U.S. troops in the area are concerned that controls are too loose. For instance, the passport office is sparse and includes a single officer sitting at a desk behind a barred window where travelers line up to show their passports. The officer simply enters the information from each passport into a small ledger.
"The only thing he's really doing is nothing more than creating a historical log," said 1st Sgt. Richard DeLeon, 40, of Shafter, Calif., also a member of Apache Troop. "We can't scan your passport to find out if it's fake, we can't scan your photo. You can come in if you have a legitimate passport or a good fake. The weapons are already in Iraq. All you really need to do is bring money."
Lt. Col. Malcolm Frost, who commands 3rd Squadron, 4th Cavalry Regiment, said the Rabiyah border entry needs shoring up. He cited plans to add high-tech passport technology, which would make it easier to identify foreign fighters, and a new, secure processing office in the next couple of months.
One of the few anti-smuggling measures the crossing already has is X-ray technology that scans trucks. It can detect trucks with false bottoms and compartments in which people and weapons can be hidden. On Monday, Frost watched as a truck was scanned and turned back for carrying used car parts, which are illegal to transport into Iraq and could be used to hide bomb parts.

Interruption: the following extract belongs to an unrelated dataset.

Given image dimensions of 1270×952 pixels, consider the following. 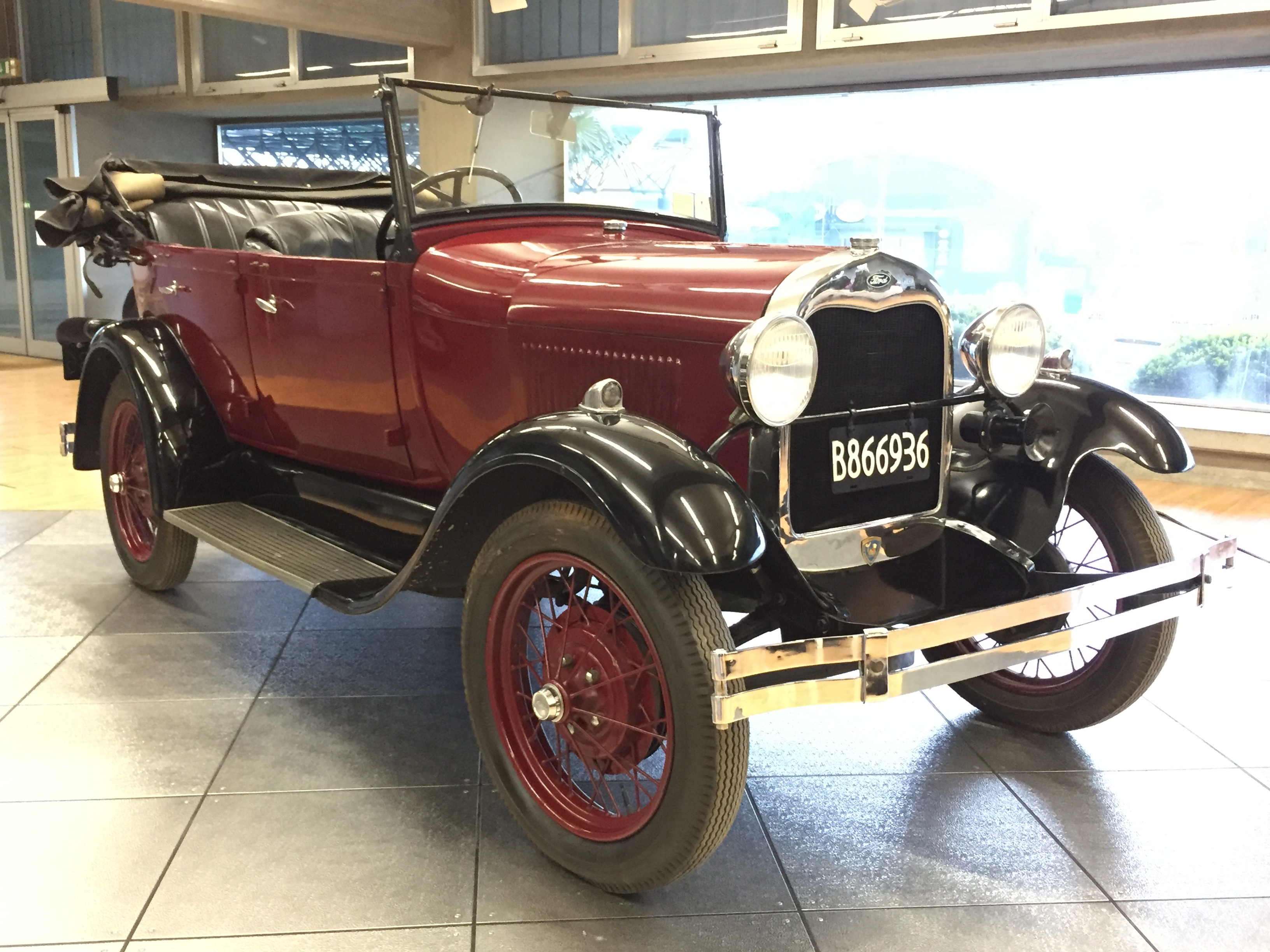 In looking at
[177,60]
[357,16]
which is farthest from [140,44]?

"We're continually improving the ability to detect," Frost said. But the miles of earthen berm away from the crossing have proven difficult to monitor.
Tomlin, who trains border patrol officers, said that there are roughly 400 officers on his stretch of border and that they are getting steadily better at their jobs. They have new Chevrolet pickup trucks for patrolling and serviceable weapons. But he said they lack the infrastructure to support the equipment, and gasoline, food and electricity are hard for them to get.
He said he believes the units are about five months away from being able to operate as a competent border patrol. It could be years, however, before they can sustain themselves.